Duplicate Field

The Duplicate Field operation duplicates an existing column in your datasource, creating an identical duplicate with a new name. This is a critical preparatory step when you want to apply destructive transformations (like removing characters or changing case) while preserving the original values for reference or for use in other matching criteria.

Why Duplicate First

Data cleansing transformations modify field values in place. Once you apply an uppercase conversion or remove special characters, the original values are changed. Duplicating a field before transforming it gives you two versions:

The original field with untouched values for display, reporting, or alternative matching strategies.
The duplicate field with cleansed values optimized for matching.

For example, if you have a "FullName" field and want to create a cleaned version for matching:

Duplicate "FullName" to "FullName_Clean".
Apply Trim to "FullName_Clean".
Apply Uppercase to "FullName_Clean".
Apply Remove Special Characters to "FullName_Clean".

Now "FullName" still contains "O'Brien-Smith, Jr." while "FullName_Clean" contains "OBRIENSMITHJR" -- optimized for matching but preserving the original for display.

How to Use the Duplicate Field Node

Drag the duplicate field node from the Standardization category onto the canvas.
Connect it into your workflow, typically early in the chain before any destructive operations.
Click the node to open its properties panel.
Select the source field -- the column you want to duplicate.
Enter a new field name for the duplicate. Use a naming convention that makes the relationship clear, such as appending "_Clean", "_Match", or "_Normalized" to the original name.

Best Practices

Place Duplicate Field nodes at the beginning of your workflow, before any transformation nodes. This ensures the duplicate contains the original, unmodified values.
Use consistent naming conventions. If you copy multiple fields, use the same suffix pattern (e.g., "FirstName_Clean", "LastName_Clean", "Address_Clean") so duplicated fields are easy to identify.
Duplicate before aggressive transformations. Operations like Remove Non-Alphanumeric, Remove Letters, or Remove Numbers are highly destructive and should almost always be applied to duplicate fields rather than original fields.
Apply subsequent transformations to the copy. After creating the copy, make sure your downstream nodes target the duplicated field name, not the original.

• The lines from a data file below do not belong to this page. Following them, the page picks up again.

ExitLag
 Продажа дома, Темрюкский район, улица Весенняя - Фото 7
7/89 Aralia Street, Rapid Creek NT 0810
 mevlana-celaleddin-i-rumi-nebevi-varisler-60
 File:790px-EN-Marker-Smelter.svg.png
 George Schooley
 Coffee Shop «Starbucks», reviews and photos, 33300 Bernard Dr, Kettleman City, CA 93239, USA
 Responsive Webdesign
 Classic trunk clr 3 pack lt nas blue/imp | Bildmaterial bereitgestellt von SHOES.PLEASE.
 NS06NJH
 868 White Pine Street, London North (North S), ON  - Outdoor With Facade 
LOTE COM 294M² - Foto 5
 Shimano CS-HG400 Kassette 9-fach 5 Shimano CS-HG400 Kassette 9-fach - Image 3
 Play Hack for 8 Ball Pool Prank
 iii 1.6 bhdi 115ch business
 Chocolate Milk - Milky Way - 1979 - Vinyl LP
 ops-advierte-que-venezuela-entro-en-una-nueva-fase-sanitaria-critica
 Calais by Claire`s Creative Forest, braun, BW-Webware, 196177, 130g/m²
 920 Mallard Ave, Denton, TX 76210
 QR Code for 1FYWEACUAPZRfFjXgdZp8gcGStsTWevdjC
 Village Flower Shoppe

When Duplicating Is Not Necessary

Some transformations are non-destructive or minimally destructive, and copying may not be needed:

Trim whitespace -- Rarely changes the meaningful content of a value.
Remove Extra Whitespace -- Only collapses multiple spaces to one.
Case conversion -- Changes appearance but not the textual content. Whether you need a duplicate depends on whether you need the original casing for display.

Tip

When configuring match definitions later, you can choose to match on the cleansed duplicate fields rather than the originals. This gives you the best of both worlds -- clean matching with original data preserved for review and export.

Important

Each Duplicate Field operation adds a new column to your datasource schema. If you duplicate many fields, your datasource will have additional columns. Keep this in mind when configuring field mappings in https://help.matchlogic.io/article/236-building-a-cleansing-workflow and later in match definitions.